▶ [Task prompt] Check every line below for the word "Wallpaper" and show those that hold it.

START Given entries

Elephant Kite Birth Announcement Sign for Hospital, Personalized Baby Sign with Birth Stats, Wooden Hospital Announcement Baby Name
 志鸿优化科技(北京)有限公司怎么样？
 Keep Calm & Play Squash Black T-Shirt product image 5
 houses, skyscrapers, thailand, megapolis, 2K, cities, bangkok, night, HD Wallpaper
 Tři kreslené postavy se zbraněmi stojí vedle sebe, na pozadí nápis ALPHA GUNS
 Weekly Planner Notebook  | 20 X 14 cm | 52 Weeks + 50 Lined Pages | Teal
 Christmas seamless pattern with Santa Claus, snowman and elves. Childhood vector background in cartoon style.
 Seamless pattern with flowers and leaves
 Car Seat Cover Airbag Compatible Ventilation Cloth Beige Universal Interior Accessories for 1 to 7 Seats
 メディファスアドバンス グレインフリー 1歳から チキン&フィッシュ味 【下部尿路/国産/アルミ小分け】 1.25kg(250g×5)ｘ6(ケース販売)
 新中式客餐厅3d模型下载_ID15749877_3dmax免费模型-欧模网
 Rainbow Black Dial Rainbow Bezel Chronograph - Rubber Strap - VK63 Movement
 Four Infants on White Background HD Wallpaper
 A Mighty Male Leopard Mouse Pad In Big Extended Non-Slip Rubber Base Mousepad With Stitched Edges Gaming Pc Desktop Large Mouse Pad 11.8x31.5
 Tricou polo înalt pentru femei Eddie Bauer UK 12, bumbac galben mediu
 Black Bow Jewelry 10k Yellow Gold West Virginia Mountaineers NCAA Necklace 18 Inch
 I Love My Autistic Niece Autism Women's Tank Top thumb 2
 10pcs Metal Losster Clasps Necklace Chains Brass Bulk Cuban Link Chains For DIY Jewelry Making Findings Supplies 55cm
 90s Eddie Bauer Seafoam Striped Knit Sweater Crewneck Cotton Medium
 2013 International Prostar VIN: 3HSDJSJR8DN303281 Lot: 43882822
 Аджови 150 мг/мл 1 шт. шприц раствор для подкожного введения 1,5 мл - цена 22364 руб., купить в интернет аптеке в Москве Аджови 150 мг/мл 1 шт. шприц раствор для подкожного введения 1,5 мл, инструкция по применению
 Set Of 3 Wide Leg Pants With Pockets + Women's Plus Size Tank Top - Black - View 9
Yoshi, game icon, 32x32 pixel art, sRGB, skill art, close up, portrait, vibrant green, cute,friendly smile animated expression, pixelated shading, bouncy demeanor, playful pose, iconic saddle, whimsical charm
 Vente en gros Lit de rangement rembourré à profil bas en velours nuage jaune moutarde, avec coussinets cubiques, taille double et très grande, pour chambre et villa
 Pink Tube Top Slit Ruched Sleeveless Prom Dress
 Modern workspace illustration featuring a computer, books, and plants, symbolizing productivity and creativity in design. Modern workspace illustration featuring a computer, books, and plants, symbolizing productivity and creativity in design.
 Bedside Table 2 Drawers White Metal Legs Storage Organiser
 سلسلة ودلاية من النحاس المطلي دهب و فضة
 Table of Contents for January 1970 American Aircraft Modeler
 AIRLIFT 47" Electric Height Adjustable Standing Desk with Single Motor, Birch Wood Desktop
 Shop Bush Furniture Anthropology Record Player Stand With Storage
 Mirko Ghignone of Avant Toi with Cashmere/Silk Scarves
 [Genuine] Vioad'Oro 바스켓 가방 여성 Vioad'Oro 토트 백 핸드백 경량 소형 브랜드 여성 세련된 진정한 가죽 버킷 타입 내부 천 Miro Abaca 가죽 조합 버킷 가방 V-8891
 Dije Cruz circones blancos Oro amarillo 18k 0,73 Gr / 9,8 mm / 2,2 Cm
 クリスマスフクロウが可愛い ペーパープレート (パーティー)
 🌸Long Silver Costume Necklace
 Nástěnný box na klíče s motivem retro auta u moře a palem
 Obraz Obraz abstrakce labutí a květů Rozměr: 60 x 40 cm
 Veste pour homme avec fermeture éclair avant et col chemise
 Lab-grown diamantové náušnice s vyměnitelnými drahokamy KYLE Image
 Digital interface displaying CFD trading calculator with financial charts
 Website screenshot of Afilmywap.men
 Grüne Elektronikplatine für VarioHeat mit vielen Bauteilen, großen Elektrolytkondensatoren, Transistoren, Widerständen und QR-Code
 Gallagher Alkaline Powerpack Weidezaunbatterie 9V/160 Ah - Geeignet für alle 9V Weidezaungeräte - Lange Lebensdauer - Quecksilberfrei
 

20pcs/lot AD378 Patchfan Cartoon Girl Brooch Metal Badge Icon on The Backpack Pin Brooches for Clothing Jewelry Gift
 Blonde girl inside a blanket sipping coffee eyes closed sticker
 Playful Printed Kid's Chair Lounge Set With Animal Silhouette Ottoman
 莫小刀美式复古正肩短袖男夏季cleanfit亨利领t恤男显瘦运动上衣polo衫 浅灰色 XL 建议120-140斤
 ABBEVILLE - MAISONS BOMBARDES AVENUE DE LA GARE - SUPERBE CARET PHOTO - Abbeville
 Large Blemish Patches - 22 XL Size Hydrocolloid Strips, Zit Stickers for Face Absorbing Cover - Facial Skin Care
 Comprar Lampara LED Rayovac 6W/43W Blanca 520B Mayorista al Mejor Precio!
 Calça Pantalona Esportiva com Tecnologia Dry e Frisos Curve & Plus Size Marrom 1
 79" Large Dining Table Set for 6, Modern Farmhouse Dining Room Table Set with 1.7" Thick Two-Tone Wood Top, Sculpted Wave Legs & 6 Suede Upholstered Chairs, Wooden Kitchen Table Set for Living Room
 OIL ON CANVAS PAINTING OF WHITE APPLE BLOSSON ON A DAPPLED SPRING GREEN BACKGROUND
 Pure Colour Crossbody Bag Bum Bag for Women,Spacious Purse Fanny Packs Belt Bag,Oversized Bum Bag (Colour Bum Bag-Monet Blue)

END Given entries

▶ [Result for this task]
 houses, skyscrapers, thailand, megapolis, 2K, cities, bangkok, night, HD Wallpaper
 Four Infants on White Background HD Wallpaper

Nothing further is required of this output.